The architecture of UACP is given in Fig. 2. It contains two components: (i) a feature extractor F, which outputs $\ell_2$ normalized feature vector, and (ii) a composite classifier CC composed of ${2}\times {K}$ neurons. In CC, a MC predictor w.r.t. the first K neurons is adopted to classify target samples to one of the K source classes. K OVA predictors are further adopted to verify the prediction from MC predictor, and the OVA predictor for the k-th class is built on the k-th and $(K+k)$-th neurons. The memory bank holds features for all target samples currently.

3.2 Composite classifier with MC and OVA predictors

In order to adaptively identify unknown target samples, a novel composite classifier with both MC and OVA predictors is designed in UACP. The MC predictor outputs a K-dimensional vector, in order to classify samples to one of the source classes. Further, there are also K OVA predictors $OVA=\{ova^1,ova^2,\ldots ,ova^K\}$ for verifying the prediction by MC predictor, one OVA predictor for each source class. Let $p_{mc}(x)=\sigma (MC(F(x)))\in {{\mathbb {R}}^K}$ denote the probability output vector for sample x by MC predictor, where $\sigma$ is the softmax function, each dimension $p_{mc}^k(x)$ describes the probability of x to the k-th class. $p_{{ova}^k}(x)=\sigma ({ova}^k(F(x)))\in {{\mathbb {R}}^2}$ denotes the probability output for x by the k-th OVA predictor, in which $p_{{ova}^k}^+(x)$ and $p_{{ova}^k}^-(x)$ are the probabilities of x to the k-th (positive) and rest (negative) classes, respectively.
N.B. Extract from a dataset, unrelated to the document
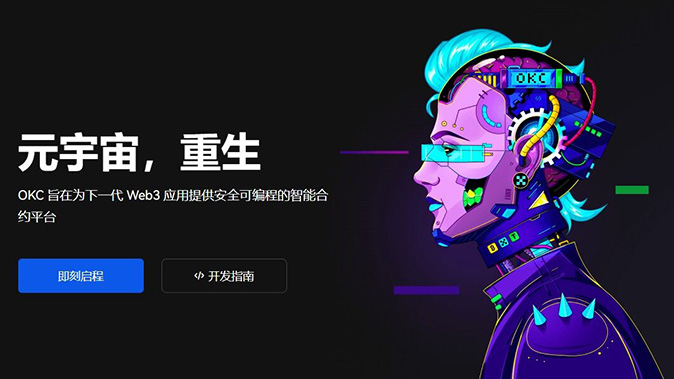 交易模拟执行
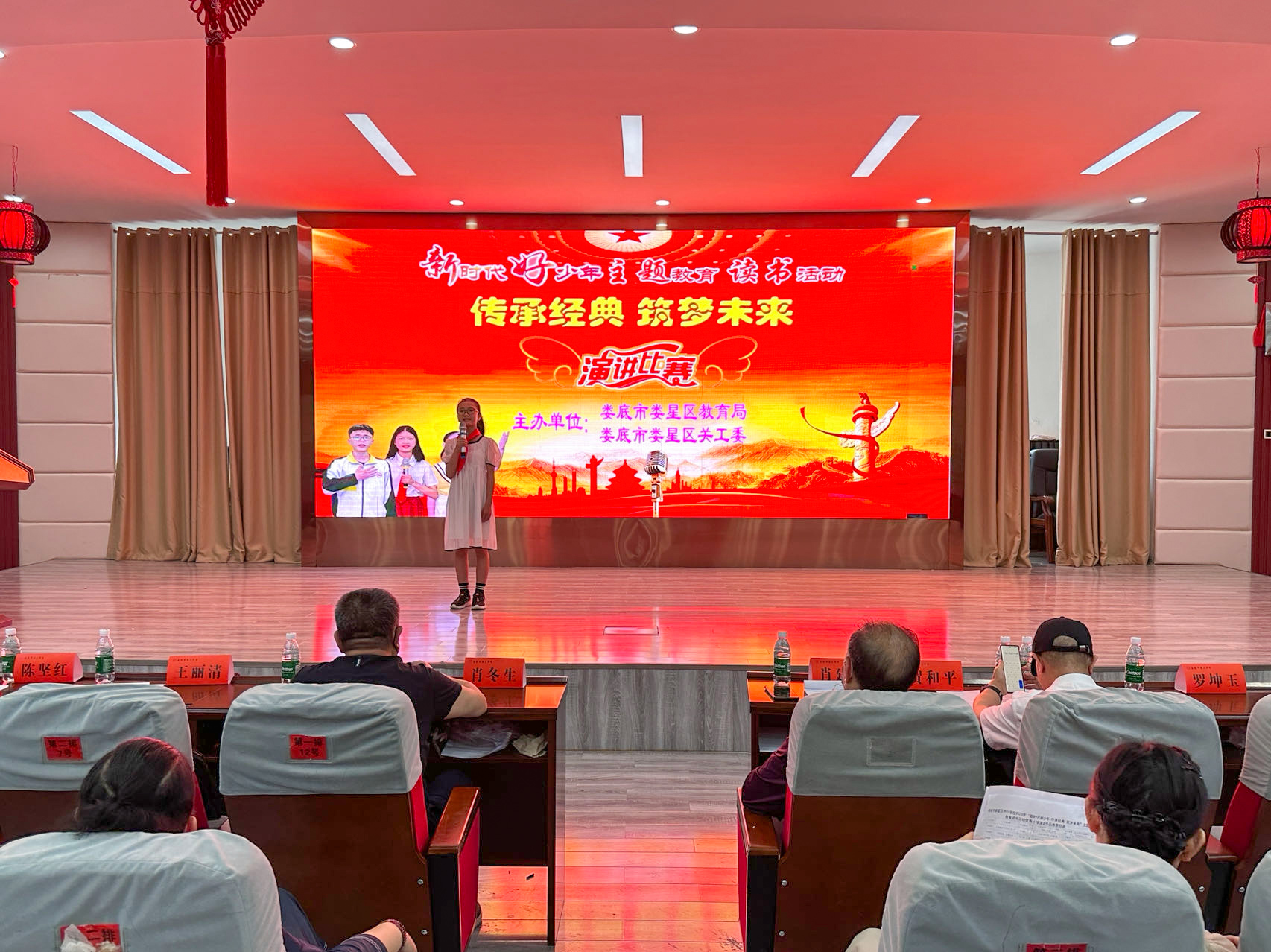 微信图片_20230529104336.jpg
For MC predictor, the cross-entropy loss is minimized with source supervision,

$$\begin{aligned} {\mathcal {L}}_{CE}={\mathbb {E}}_{(x_i^s,y_i^s)\in {{\mathcal {D}}_s}}\ell _{ce}(p_{mc}(x_i^s),y_i^s) \end{aligned}$$

(1)

where $\ell _{ce}$ is the standard cross-entropy loss.

Since OVA predictor does not enforce samples to belong to only source classes, UACP adopts it to further verify the prediction by MC predictor. For each source class, an OVA predictor learns the decision boundary between the positive in-class and negative out-class categories, and the negative category actually includes both source and unknown classes. At the same time, UACP learns discriminative features among categories by maximizing the distance between similar categories (Padhy et al., 2020; Saito & Saenko, 2021). Specifically, for each source sample $x_i^s$, the discrepancy between $ova^{y_i^s}$ and OVA predictor w.r.t. the closest negative class is further maximized,

$$\begin{aligned} {\mathcal {L}}_{SOVA}={\mathbb {E}}_{(x_i^s,y_i^s)\in {{\mathcal {D}}_s}}\left\{ -log(p_{{ova}^{y_i^s}}^+(x_i^s))+\mathop {max}\limits _{j\ne {y_i^s}}[log(p_{{ova}^j}^+(x_i^s))]\right\} \end{aligned}$$

(2)

where j represents the closest negative class for $x_i^s$. Through minimizing the above loss, OVA predictors can not only identify in-class and out-class samples, but also separate similar classes with source supervision.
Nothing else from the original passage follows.